> Required action: Your copy must hold all of the data below, unchanged and without images.

(Collected data entries)
________________
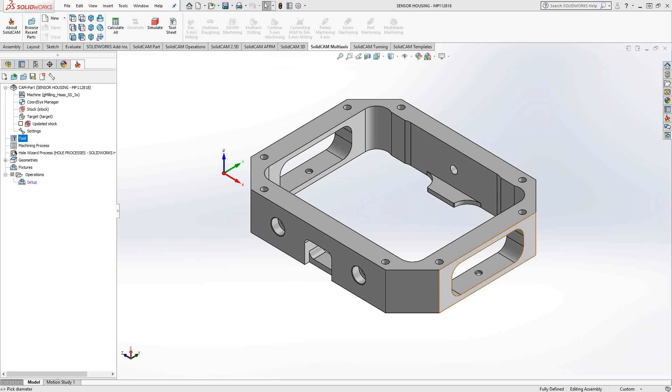Welcome to video 8 in a series of introductory videos for SolidCam. This video's topic is 2D iMachining.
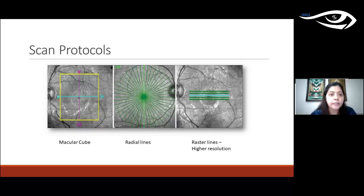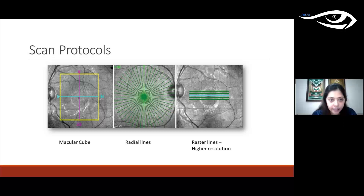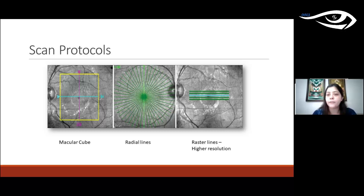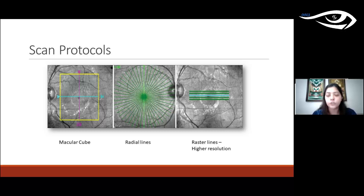Typical scan protocols include the macular cube, which is most commonly used and scans the retina in the area outlined by the cube. There are also radial line scans and raster lines — most machines offer a five or seven line raster. You can center these lines on whichever area you want to image, giving you a higher resolution image of that specific area.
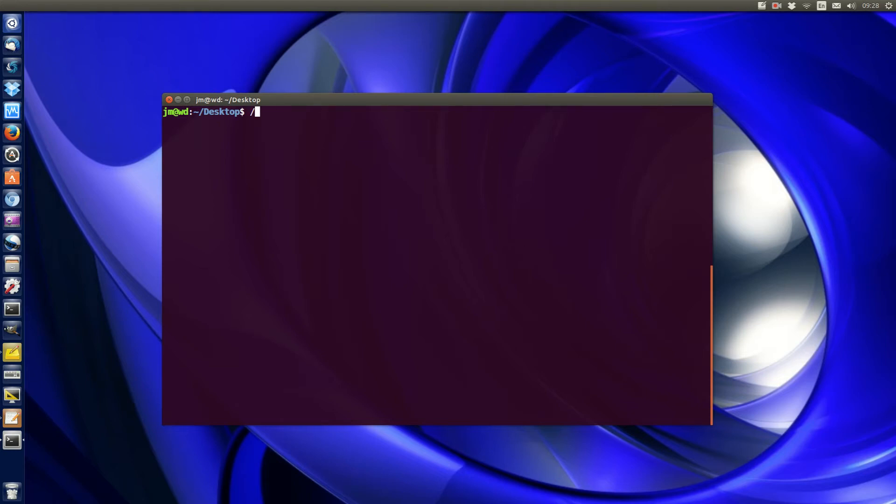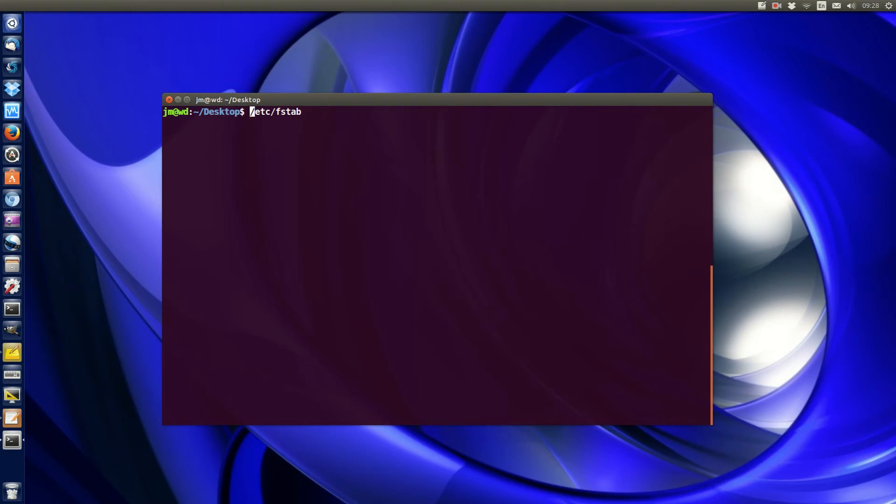navigate to a file called fstab (or fstab - I'm okay with either pronunciation). In order to access that file, you'll need to use the sudo command. You could use an editor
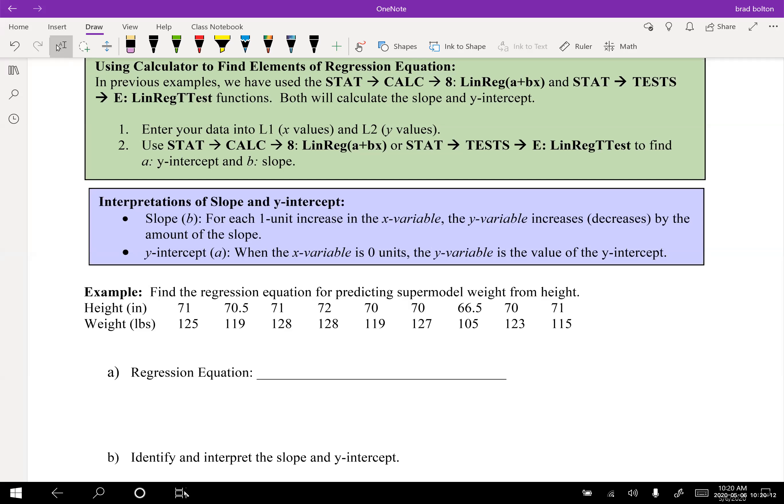There are nine data points. Now entering the weight values: 125, 119, 128, 128, 119, 127, 105, 123, 115. Then we'll quit and check if the data looks linear by turning on the stat plot.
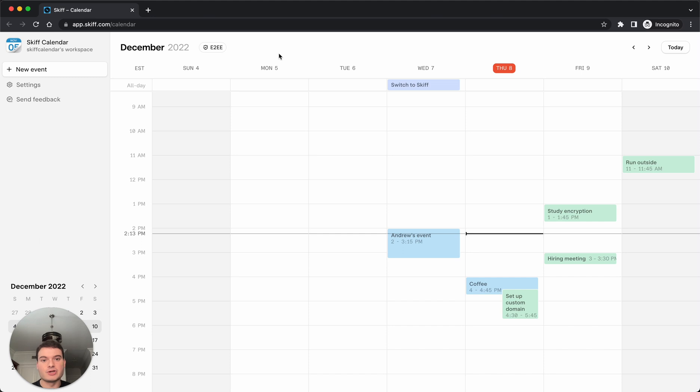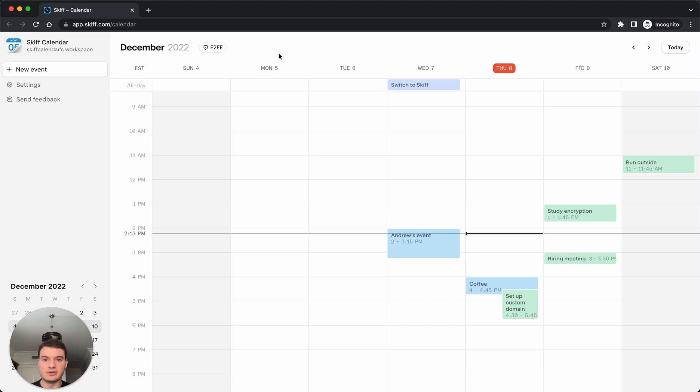Today, we're showing you a really quick tutorial of how to invite a Skiff Calendar user from another external calendar, like Google Calendar, Outlook Calendar, iCal, or any other digital calendar app.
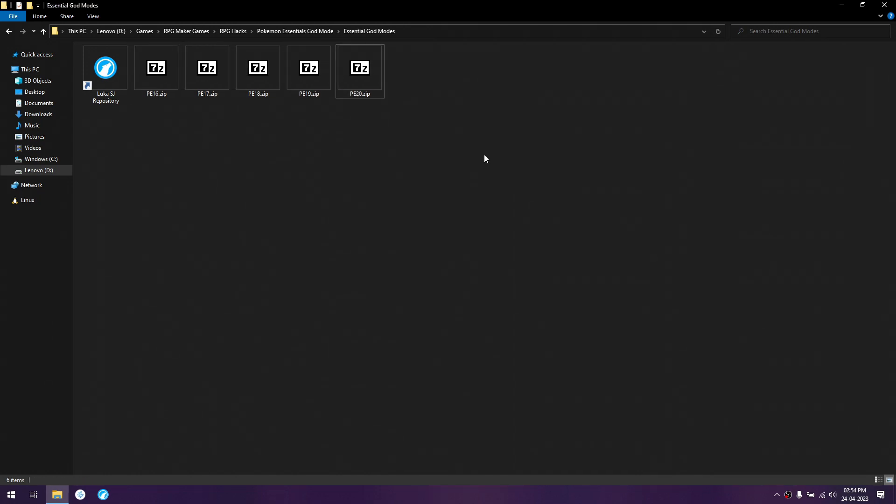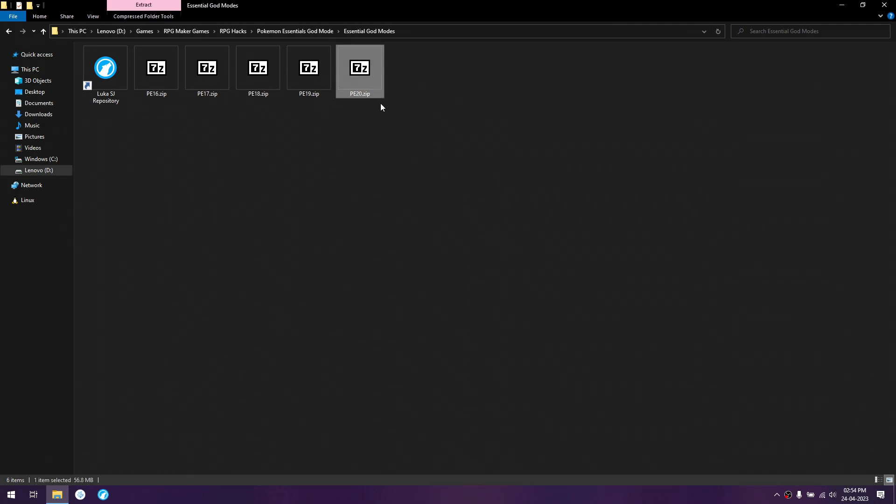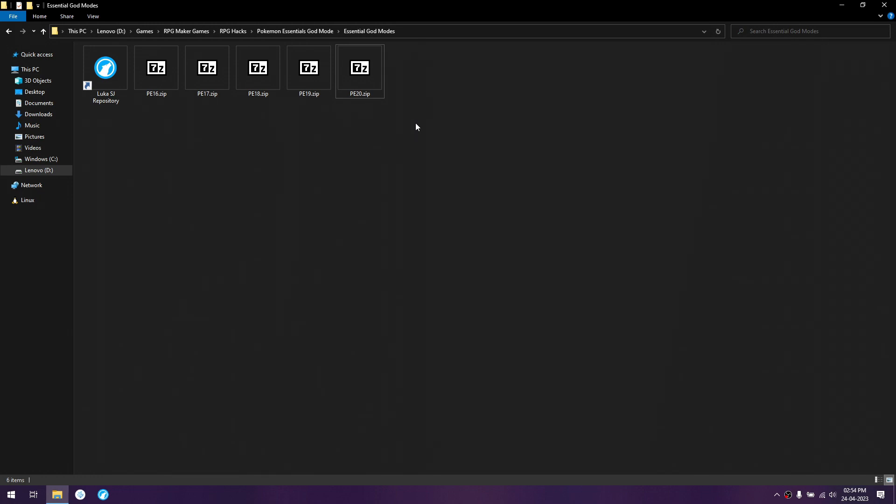At the time of recording, the latest version is 20. So, when version 21 comes out, I will probably be making a video for it unless it is the exact same as version 20.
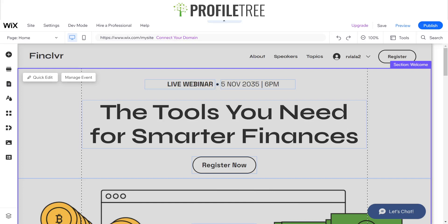Hello guys and welcome to another Profile3 Wix YouTube tutorial. Today I'm gonna be showing you how you can pin elements to your Wix website.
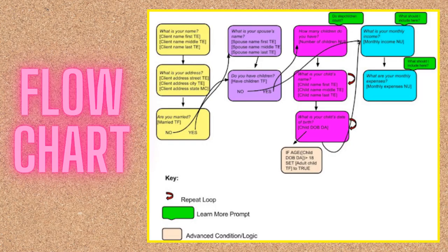If you're a visual person, I recommend the flow chart or process map style of drafting. Each bubble represents a question with the associated variables and button options inside of it. Each step is a different color. I have arrows showing how the pages are connected to each other. The green call-outs are learn more prompts that I'll include. The tan call-outs are logic statements associated with that page. I also use the circle arrow icon to indicate a repeat loop page. This is very similar to the map tab in A2J Author, so the jump to authoring from this storyboard would be very easy.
________________
> Completed task:
Welcome to video 8 in a series of introductory videos for SolidCam. This video's topic is 2D iMachining.
Typical scan protocols include the macular cube, which is most commonly used and scans the retina in the area outlined by the cube. There are also radial line scans and raster lines — most machines offer a five or seven line raster. You can center these lines on whichever area you want to image, giving you a higher resolution image of that specific area.
navigate to a file called fstab (or fstab - I'm okay with either pronunciation). In order to access that file, you'll need to use the sudo command. You could use an editor
There are nine data points. Now entering the weight values: 125, 119, 128, 128, 119, 127, 105, 123, 115. Then we'll quit and check if the data looks linear by turning on the stat plot.
Today, we're showing you a really quick tutorial of how to invite a Skiff Calendar user from another external calendar, like Google Calendar, Outlook Calendar, iCal, or any other digital calendar app.
At the time of recording, the latest version is 20. So, when version 21 comes out, I will probably be making a video for it unless it is the exact same as version 20.
Hello guys and welcome to another Profile3 Wix YouTube tutorial. Today I'm gonna be showing you how you can pin elements to your Wix website.
If you're a visual person, I recommend the flow chart or process map style of drafting. Each bubble represents a question with the associated variables and button options inside of it. Each step is a different color. I have arrows showing how the pages are connected to each other. The green call-outs are learn more prompts that I'll include. The tan call-outs are logic statements associated with that page. I also use the circle arrow icon to indicate a repeat loop page. This is very similar to the map tab in A2J Author, so the jump to authoring from this storyboard would be very easy.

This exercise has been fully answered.